It has been a focus for me for more than a year now.  I am happy with things are turning out and soon the tools will find their way into the real world.  I just decided that it is worth writing a few more posts about what is going on with them in the next few weeks.

VHD versus NTFS alignment

This topic is guaranteed to bore most people.  Or, maybe I am wrong.  Are you the kind of person that loves to defrag your disk?  Are you always looking for new ways of speeding up your machine?  Are knobs and buttons something you love to tweak?  How about that registry cleaner?

No, I am not saying those things are bad.  Some people have the patience for this while others do not.  Usually the people that fiddle with the settings are eventually rewarded.  At the very least they can proclaim that they understand what the settings are really doing.

Thanks to a reader (thanks John!) I was made aware of the offset problem within VHDs.  Well, let me rephrase that.  I knew about it but I did not know its official name or that people had solved it.

John pointed me to this blog post about the offset problem.  There are already tools out there from NetApp to solve the issue but basically you need to be a NetApp customer in order to get access (at least for the tools that actually fix your images).  In truth, the problem affects most virtualisation users.

So, this is the part where the problem is dissected and understood.  Virtual disks still follow rules left over from physical disks.  Specifically, they have a “geometry” setting that indicates things like sectors per track.  Here is an example from my tool named vhddump of one the test VHDs laying around.

Geometry             3F10BA9E
Cylinders            9EBA
Heads                10
Sectors/Track        3F

This information is a field inside the VHD header.  The geometry value splits into the next three values based on interpreting the bytes.  Since VHDs are big endian (big bytes first instead the typical little endian on Windows).  vhddump is reporting the field backwards since it had not been important to preserve the byte order.

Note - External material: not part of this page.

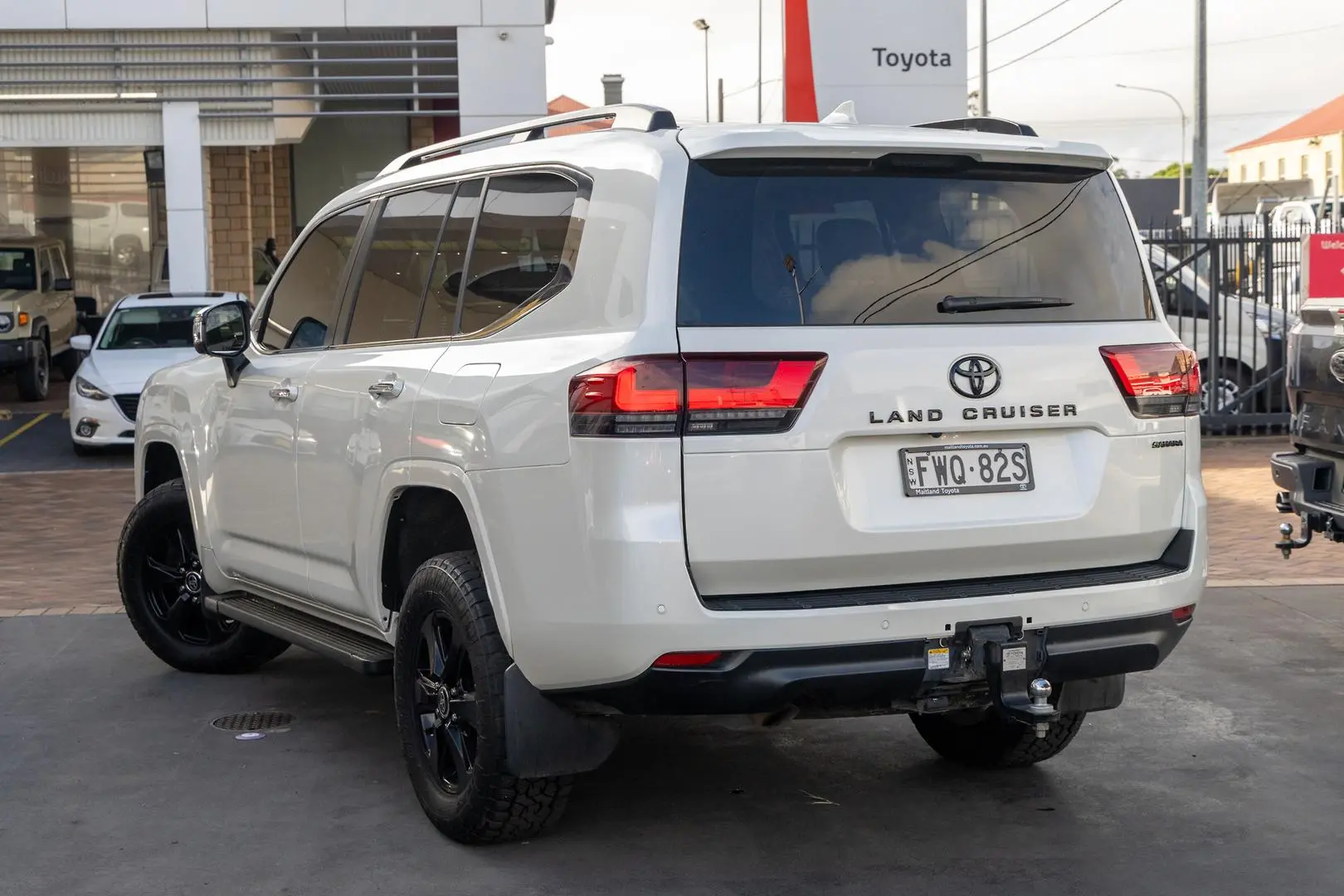 2021 Toyota Landcruiser Gallery Image 2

Anyways, you can see that our virtual disk has 3F sectors per track.  This translates to 63 sectors in decimal.  The geometry reported (also known as CHS) affects the alignment of partitions.  The rule with older versions of Windows is that the boot partition starts after the first track.  This is the output for the same VHD with vhddump:

Index(0) 80 01 01 00 07 FE FF FF 3F 00 00 00 B5 98 70 02
Index(0) BootFlag(80) Type(07) SectorStart(0000003F) SectorLength(027098B5)
Index(0) CHSStart(010100) CHSEnd(FEFFFF)
Start CHS  Head(01) Sector(01) Cylinder(0000)
End   CHS  Head(FE) Sector(3F) Cylinder(03FF)

Volume Count         1
Volume Index         0
FirstVolumeSector    3F

The master boot record starts at the first sector of the virtual disk.  This dump is from a Windows XP image.  The first sector of the first volume/partition is at 0x3f.

Why is this a problem?

Well the most obvious problem is that the sector 0x3f does not align with VHD blocks or even NTFS clusters.  Since it is an 'odd' sector, it is guaranteed never to align with anything inside the VHD.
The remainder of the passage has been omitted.